Know your numbers from the start
Business lesson 1.
Following the interest I received regarding a post I did a few weeks ago — “10 business lessons to learn sooner rather than later” — I decided to do a series in my weekly Wednesday email unpacking each lesson. I use the word “series” lightly, as it may be interrupted by other, more urgent messages. But rest assured, all 11 (there was a bonus) will be covered.
To kick things off…
Lesson number 1 - Know your numbers from the start.
TL:DR - summary from the roundup article
This is a big one. You need to know what your revenue is, what your expenses are, and what your net profit is before taxes. The financial report that reflects this is your Profit & Loss Statement (aka your P&L).

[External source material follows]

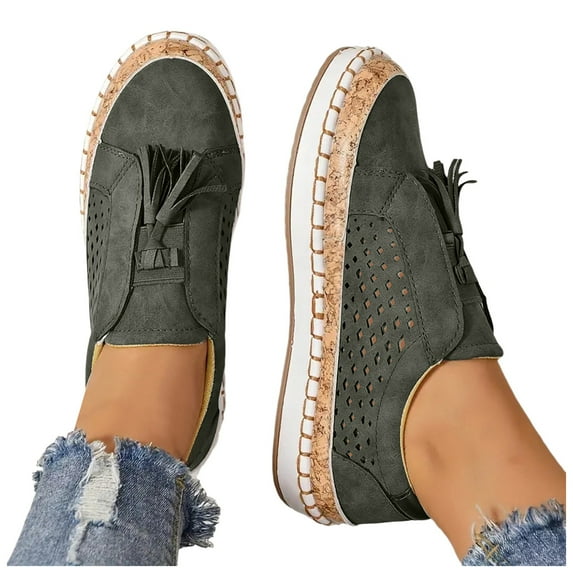 Juosiy Loafers for Women Breathable Sneakers Comfortable Walking Shoes Round Toe Slip On Dressy Footwear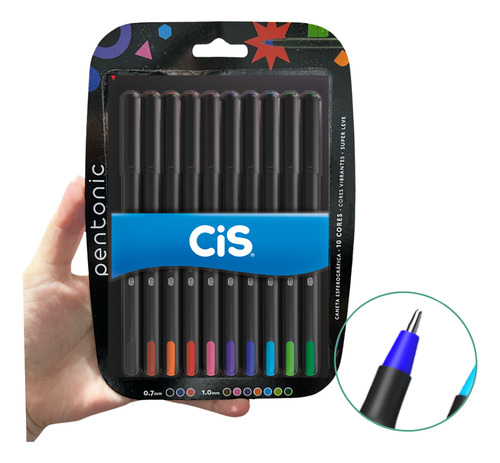 Caneta Esferográfica Pentonic Cis Estojo 10 Cores Diversas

What percentage of your revenue is going to your expenses? What percentage is dropping to your bottom line?
Then you can dig deeper to see where the bulk of your revenue is coming from (which clients/offerings/products). And you can see where you’re spending your money.

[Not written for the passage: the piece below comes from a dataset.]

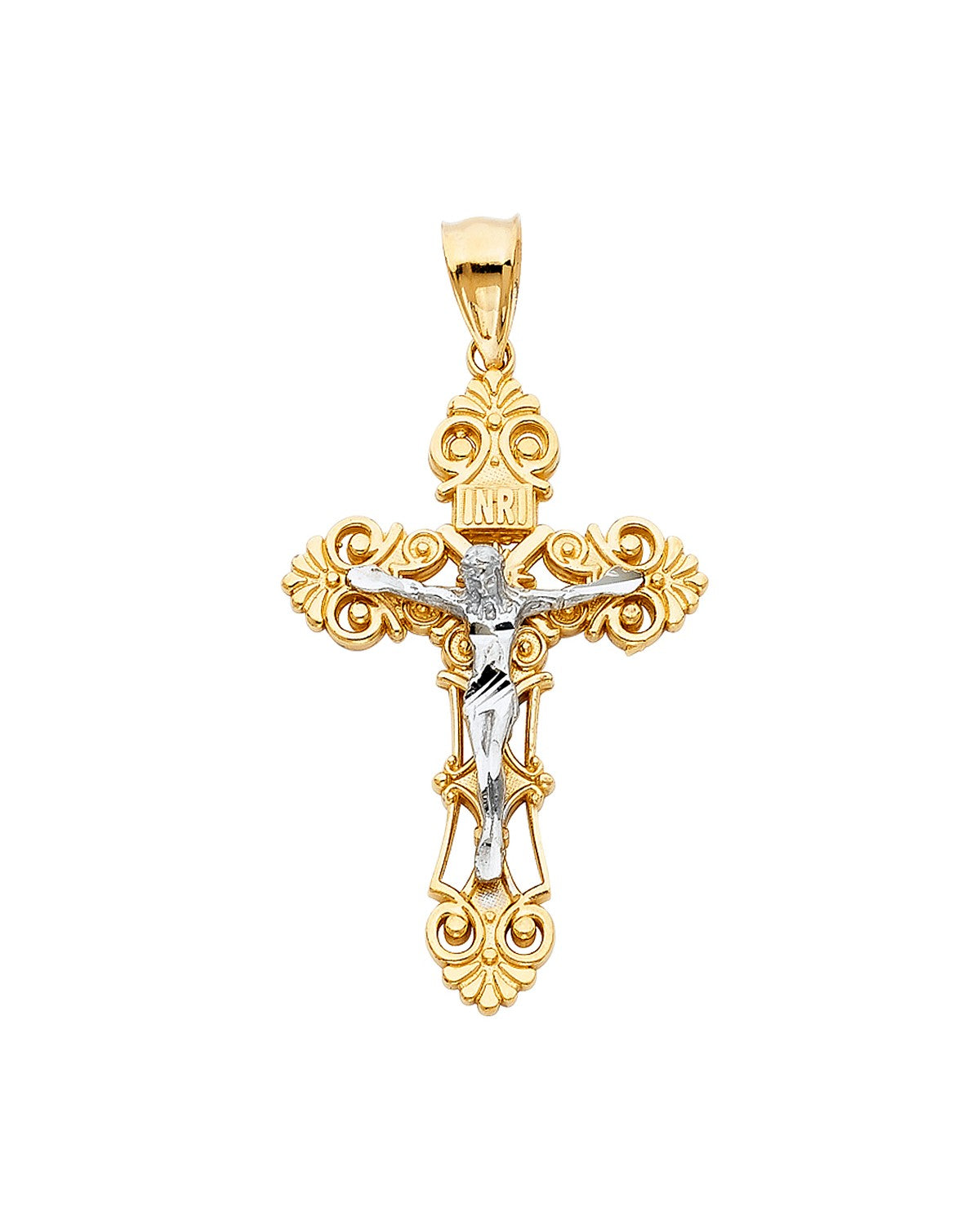 14K Two-Tone Gold 2T Crucufix Pendant (PT-0975)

This knowledge is powerful. It allows you to make decisions regarding where to double down and invest and where to let things go.
One note before we get started… I’m not a bookkeeper, accountant, or finance professional. That said, I’ve been running a P&L in one form or another (as a business executive, business owner, and business coach) for 20+ years, so I know my way around basic business finances and how to use them as a tool to help you scale.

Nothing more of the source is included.